Great, thanks for the advise. Yes I figured there is no other way, I already started testing with the table saw to make a border. It works OK to cut them standing on the groove side with the blade up 2 inches or so.
The grout is one idea, another could be a very thin metal transition piece, but it's a bit costly. I am doing this to sell the house. I'd put caulking for myself though.
I can't see how I would ever get the nail gun between the tile and the wood? Maybe on the tongue side you mean? I do have one, 18 gauge.
Is there a reason to not touch the tile? In my case I think it's a very good idea to keep it a few mm away, because it helps align the future planks once I get past the angled part, but I'm just wondering in general.
I'm not sure what you mean by field and frame,.. Do you mean just on the angled section? That makes sense because I'll cut those pieces and butt them against the border, so they will lose their bevel. I just hope I can find a similar stain.
Biggest question now is, how do I make sure I end up perfectly flush after the angled section..
I've seen some installs where they worked up the angle, and ended up not meeting flush to the long side, so they ripped the piece just before the long row to adjust, but it ended up having a small 1 inch wide piece in there. I think this may be the only way to do it, is this correct?

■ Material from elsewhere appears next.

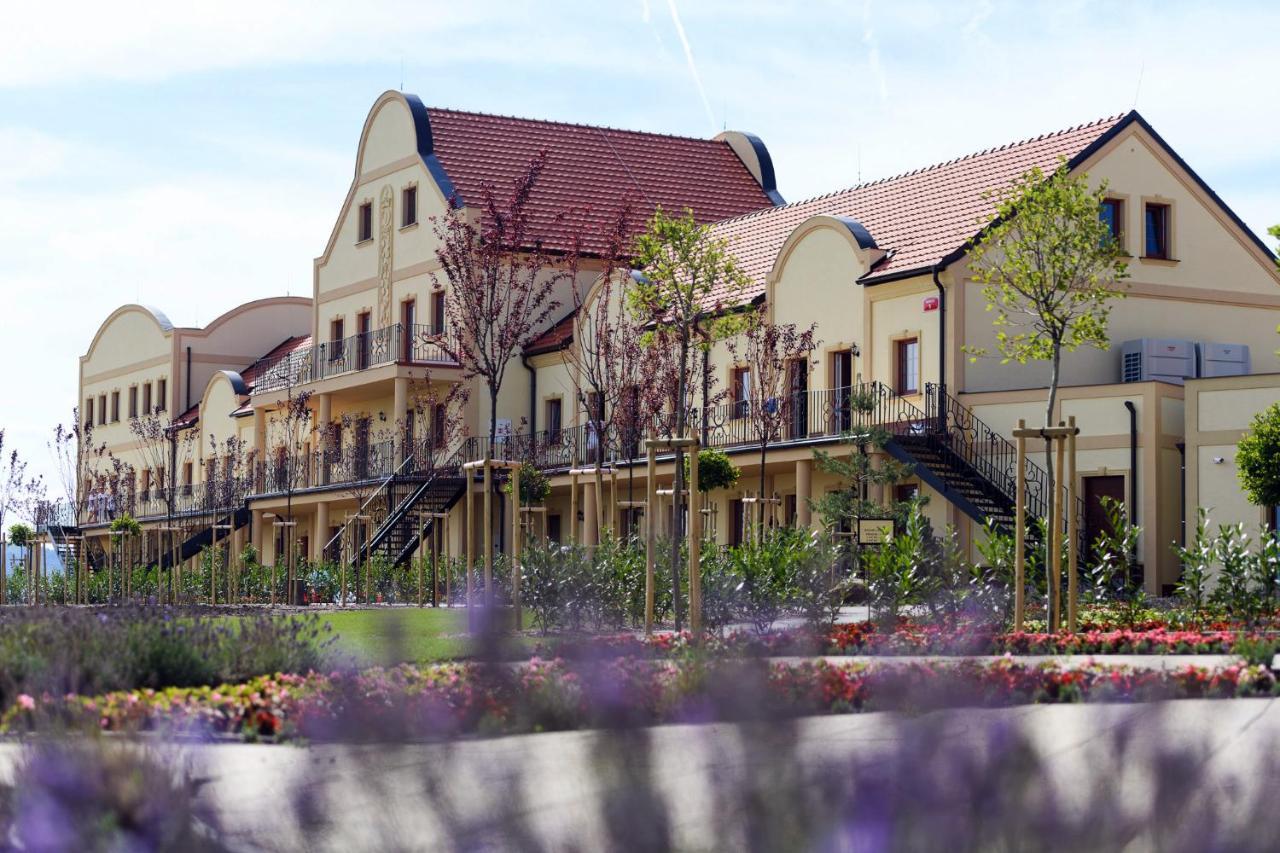 Vinarstvi U Kaplicky Hotel Zajeci Ngoại thất bức ảnh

In my case the width(height probably?) of the angled section is almost absolutely perfectly matched to the width of 6 planks, so I have to ensure my distance from the tiles is very accurate. I guess I have to do a test fit, put some shims in then put glue down, floor on top and push it against the shims so it can set in the correct place. I could use some 18 gauge nails on the tongue side I guess,.. the cleats will probably shift things so it's not advisable?